What to work on:
Leave out every picture, then transcribe the rest of the listing exactly.

Stored data:
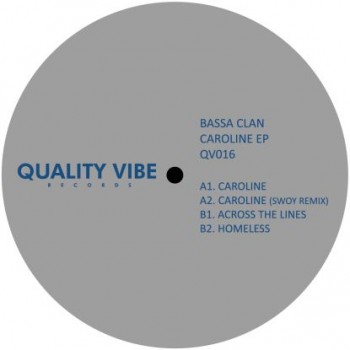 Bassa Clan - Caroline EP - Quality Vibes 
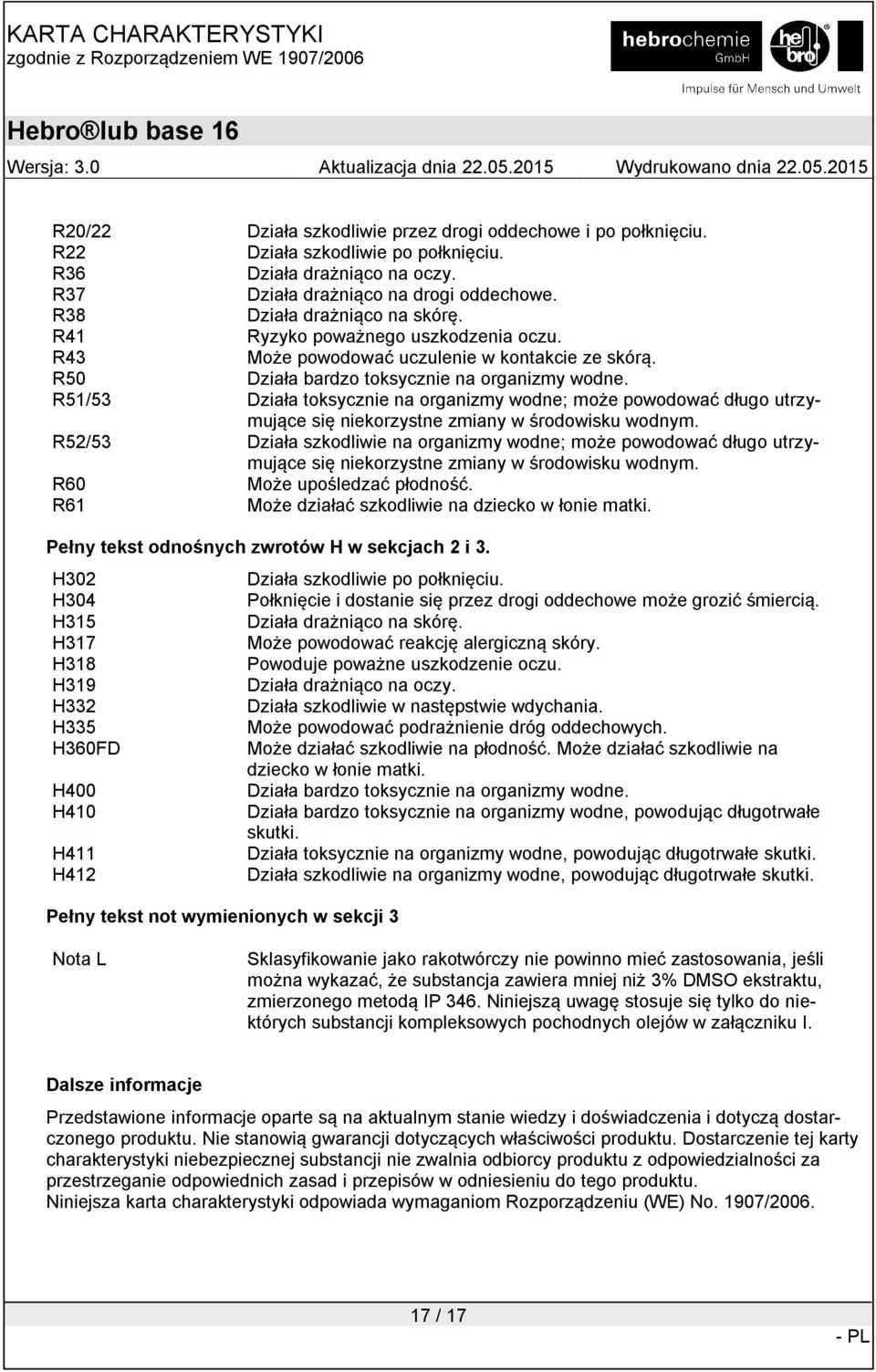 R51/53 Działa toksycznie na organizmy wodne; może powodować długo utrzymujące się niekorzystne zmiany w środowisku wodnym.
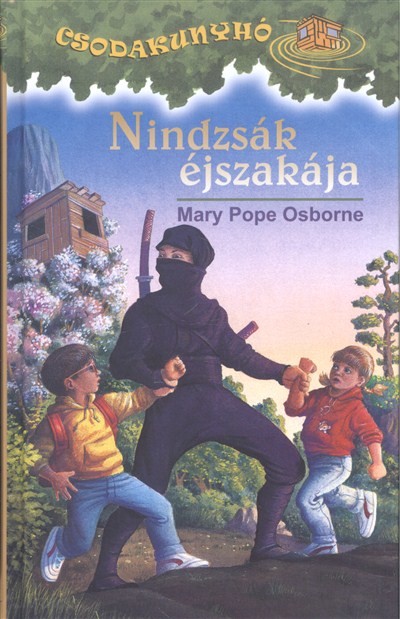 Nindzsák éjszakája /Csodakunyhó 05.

Exercise response:
 Bassa Clan - Caroline EP - Quality Vibes 
 R51/53 Działa toksycznie na organizmy wodne; może powodować długo utrzymujące się niekorzystne zmiany w środowisku wodnym.
 Nindzsák éjszakája /Csodakunyhó 05.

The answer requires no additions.